§ THE PROBLEM
Start to finish, return the listing below exactly, pictures excluded.

+ + + +

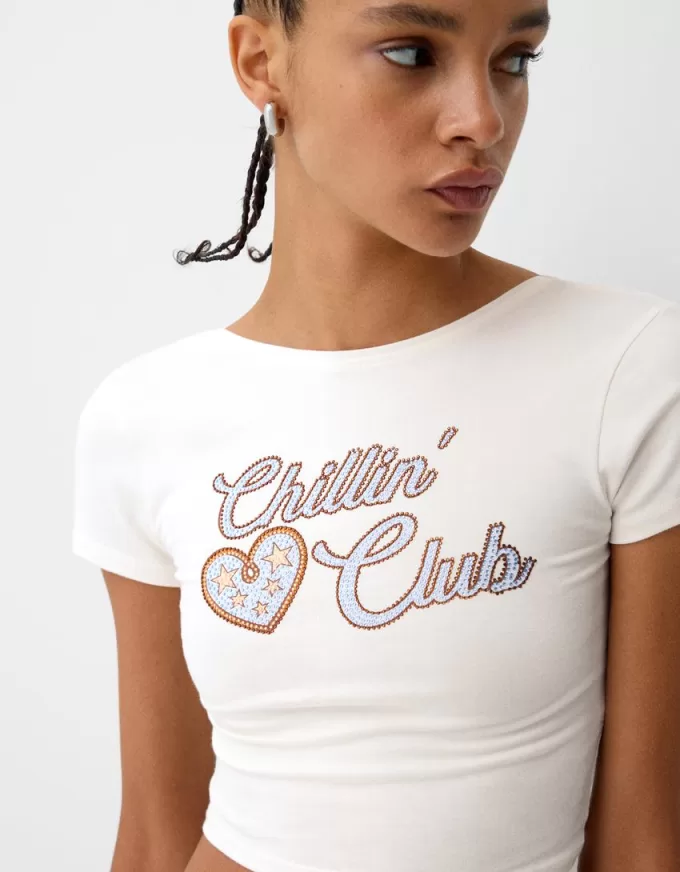 Öppen rygg T-shirt med strass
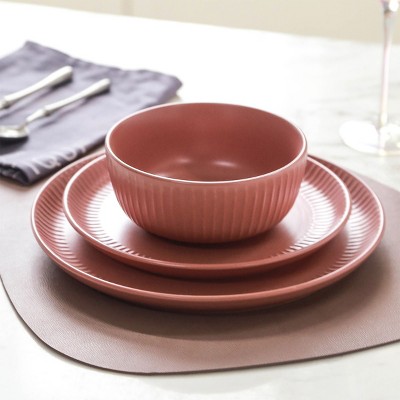 Terracotta Ceramic 12-Piece Dinnerware Set, Service for 4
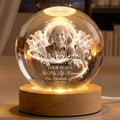 Personalized Memorial Crystal Globe Lamp with Loved One Photo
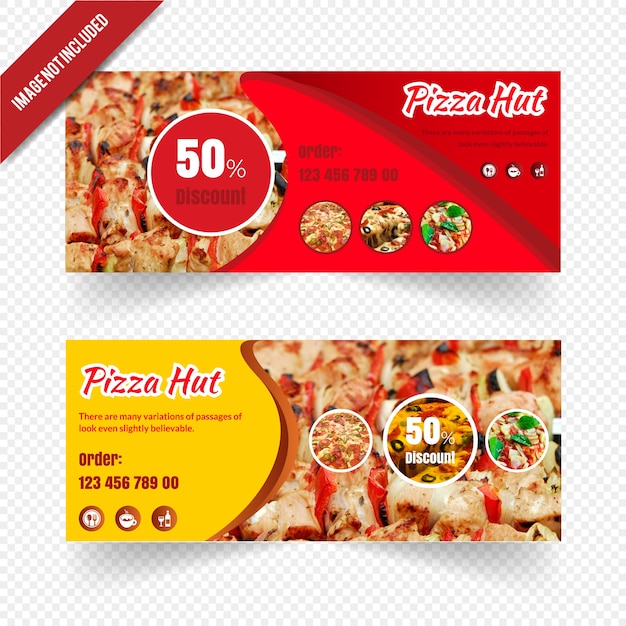 Restaurant web banner set für pizza hut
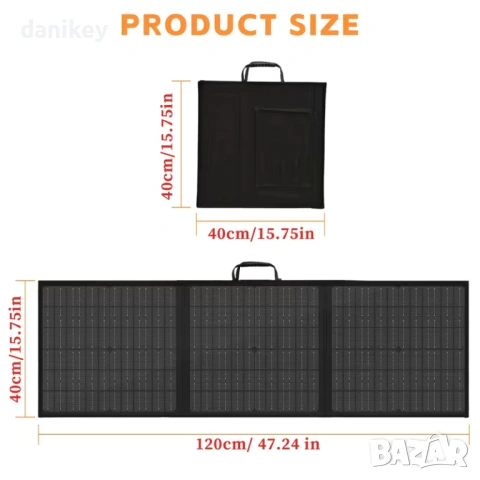 Мощен Монокристален Соларен Панел 100W (Peak) – Пълен К-кт за Къмпинг и Акумулатори, снимка 3 - Къмпинг осветление - 53750421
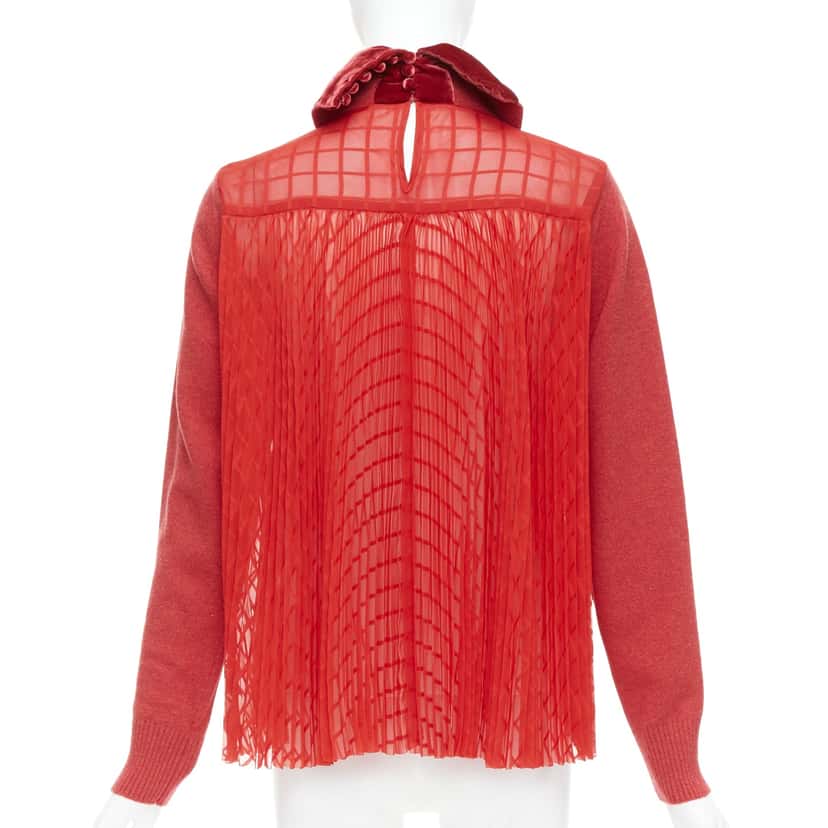Sacai Chain Necklace Top Red Wool Never worn, with tag - Box View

+ + + +

§ WRITTEN SOLUTION
 Öppen rygg T-shirt med strass
 Terracotta Ceramic 12-Piece Dinnerware Set, Service for 4
 Personalized Memorial Crystal Globe Lamp with Loved One Photo
 Restaurant web banner set für pizza hut
 Мощен Монокристален Соларен Панел 100W (Peak) – Пълен К-кт за Къмпинг и Акумулатори, снимка 3 - Къмпинг осветление - 53750421
Sacai Chain Necklace Top Red Wool Never worn, with tag - Box View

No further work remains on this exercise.